Sitting is the New Smoking

Sitting smoking

It seems like a lifetime ago now, but in February of 2020 I gave a talk at a business lunch about the dangers of sitting which I believe is the 2nd biggest elephant in the room in society when it comes to public health.

I assumed this is common knowledge. This can be a challenge for a personal trainer, something you find common sense and obvious isn’t so common and obvious.

The feedback I received after that talk astounded me. The talk was a little alarmist, but sometimes that’s what we need to get moving (pun intended). So, I’m not going to apologize if this comes across as alarmist, because it might just save your life. Sounds hyperbolic yeah? Keep reading.

I didn’t come up with the term sitting is the new smoking. That was said by Researcher Dr Levine of the Mayo clinic after he cited a study that combined the results of 18 other studies and almost 800k participants.

What was the results?

  • 112% increased risk of diabetes.
  • 147% increased risk of cardiovascular events like heart attack and stroke.
  • 90% increased risk of death from cardiovascular events.
  • 49% increased risk of death from any cause.

This is from sitting an average of 8 hours/day or more.
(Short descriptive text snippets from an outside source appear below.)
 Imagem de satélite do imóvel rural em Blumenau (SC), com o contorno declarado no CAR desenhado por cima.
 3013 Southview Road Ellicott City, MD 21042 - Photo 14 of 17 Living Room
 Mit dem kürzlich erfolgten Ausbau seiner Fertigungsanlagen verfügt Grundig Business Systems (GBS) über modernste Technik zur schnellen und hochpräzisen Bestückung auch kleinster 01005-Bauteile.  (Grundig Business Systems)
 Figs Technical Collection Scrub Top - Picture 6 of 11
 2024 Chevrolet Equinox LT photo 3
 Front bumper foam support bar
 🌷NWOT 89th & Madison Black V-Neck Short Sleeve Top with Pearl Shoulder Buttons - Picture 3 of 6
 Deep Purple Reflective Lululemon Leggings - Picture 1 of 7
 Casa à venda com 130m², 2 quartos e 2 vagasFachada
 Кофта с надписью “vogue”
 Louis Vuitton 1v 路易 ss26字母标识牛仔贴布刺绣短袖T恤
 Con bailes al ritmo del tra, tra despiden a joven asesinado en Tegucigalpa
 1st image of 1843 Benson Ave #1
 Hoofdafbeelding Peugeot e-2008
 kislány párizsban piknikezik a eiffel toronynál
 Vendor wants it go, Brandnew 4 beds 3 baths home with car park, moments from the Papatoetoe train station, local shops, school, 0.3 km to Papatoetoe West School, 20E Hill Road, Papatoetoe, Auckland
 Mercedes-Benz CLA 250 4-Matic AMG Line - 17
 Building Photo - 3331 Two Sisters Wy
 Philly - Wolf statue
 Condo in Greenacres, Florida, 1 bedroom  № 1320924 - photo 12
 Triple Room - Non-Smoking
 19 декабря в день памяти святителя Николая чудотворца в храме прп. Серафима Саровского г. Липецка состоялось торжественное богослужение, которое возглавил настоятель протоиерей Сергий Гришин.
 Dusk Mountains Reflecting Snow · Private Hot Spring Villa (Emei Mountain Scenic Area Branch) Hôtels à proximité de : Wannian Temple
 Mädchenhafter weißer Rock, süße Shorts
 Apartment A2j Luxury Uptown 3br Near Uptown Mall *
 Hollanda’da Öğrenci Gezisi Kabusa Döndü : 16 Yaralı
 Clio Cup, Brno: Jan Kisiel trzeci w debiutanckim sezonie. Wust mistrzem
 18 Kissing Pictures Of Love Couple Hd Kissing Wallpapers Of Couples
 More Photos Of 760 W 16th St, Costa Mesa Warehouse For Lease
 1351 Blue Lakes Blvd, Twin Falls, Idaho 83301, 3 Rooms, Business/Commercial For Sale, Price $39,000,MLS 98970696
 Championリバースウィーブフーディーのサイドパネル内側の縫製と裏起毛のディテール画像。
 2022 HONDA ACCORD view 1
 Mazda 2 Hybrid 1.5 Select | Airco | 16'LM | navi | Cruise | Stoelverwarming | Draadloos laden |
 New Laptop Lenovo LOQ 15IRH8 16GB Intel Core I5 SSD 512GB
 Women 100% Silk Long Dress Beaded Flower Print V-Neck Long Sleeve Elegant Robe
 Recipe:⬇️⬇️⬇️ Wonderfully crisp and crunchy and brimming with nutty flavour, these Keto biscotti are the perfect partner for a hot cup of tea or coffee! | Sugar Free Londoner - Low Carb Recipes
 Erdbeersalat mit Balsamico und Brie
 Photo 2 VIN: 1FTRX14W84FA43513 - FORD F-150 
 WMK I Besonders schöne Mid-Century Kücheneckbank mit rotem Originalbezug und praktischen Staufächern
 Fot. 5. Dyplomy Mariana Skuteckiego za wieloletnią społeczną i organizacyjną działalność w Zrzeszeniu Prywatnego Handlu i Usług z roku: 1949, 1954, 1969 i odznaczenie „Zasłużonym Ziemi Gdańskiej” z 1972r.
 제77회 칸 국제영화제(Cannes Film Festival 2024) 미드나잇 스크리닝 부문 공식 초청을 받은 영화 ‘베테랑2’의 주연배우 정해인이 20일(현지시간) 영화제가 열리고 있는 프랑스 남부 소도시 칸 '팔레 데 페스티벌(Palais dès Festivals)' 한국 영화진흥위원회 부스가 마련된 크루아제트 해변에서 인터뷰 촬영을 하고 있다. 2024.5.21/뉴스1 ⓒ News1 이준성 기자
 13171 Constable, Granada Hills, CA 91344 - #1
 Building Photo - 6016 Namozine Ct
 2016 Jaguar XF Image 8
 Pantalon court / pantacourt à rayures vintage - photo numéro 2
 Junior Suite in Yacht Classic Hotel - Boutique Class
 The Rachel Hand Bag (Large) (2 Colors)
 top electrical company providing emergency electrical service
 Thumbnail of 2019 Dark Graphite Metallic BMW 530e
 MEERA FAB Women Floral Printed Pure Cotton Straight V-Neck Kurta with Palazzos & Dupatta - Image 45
If you’re a desk jockey, this is you.

The same research shows you still have an increased risk even if you get the recommended 150min of active exercise each week.

Picture it, you are a middle-aged person, who exercises regularly, eats well, health conscious but you sit an average of 8 hours a day. You are at a similar risk of a shortened life as a smoker.

To add to that, if you sit 8 hours or more a day, no matter how much you exercise, you are defined as sedentary.

Prolonged sitting also has a profound effect on your metabolism (weight), posture (back, shoulder, neck pain) and depression.

I had never experienced back pain. But during our lockdown, even though I maintained a solid exercise regime and daily steps, I experienced it for the first time. I didn’t enjoy it.

Admittedly, not all research is linear, but evidence looks like the dose response risks heightened from 7 hours onwards. The body of literature compared to smoking is tiny.

Think of sitting like sunshine. You need it (vitamin D), but you stand in the sun 8 hours a day for years on end, your risk of skin cancer is exponential.

Arguments proving sitting being the new smoking I believe is still a work in progress. In the meantime, we should not dismiss the public health impact still being caused by the century-long epidemic of cigarette smoking. It’s taken 50 years of research for (most) people to get the memo that smoking isn’t good. Hopefully the effects of sitting research won’t take that long. But we are essentially the first generation that will spend most of our lives sitting. It will be a case of too little too late for most of us I feel.

And although sitting may still not equate to smoking, we should also not underestimate the potential threat of it reaching the ranks to becoming the new smoking. Like smoking, too much sitting can be avoided and there is substantial evidence on the health benefits of following the currently recommended medical intervention.

And like any bad habit, a resolution can be successfully achieved if it is not constantly overturned by the biggest elephant in the room when it comes to health…..inaction.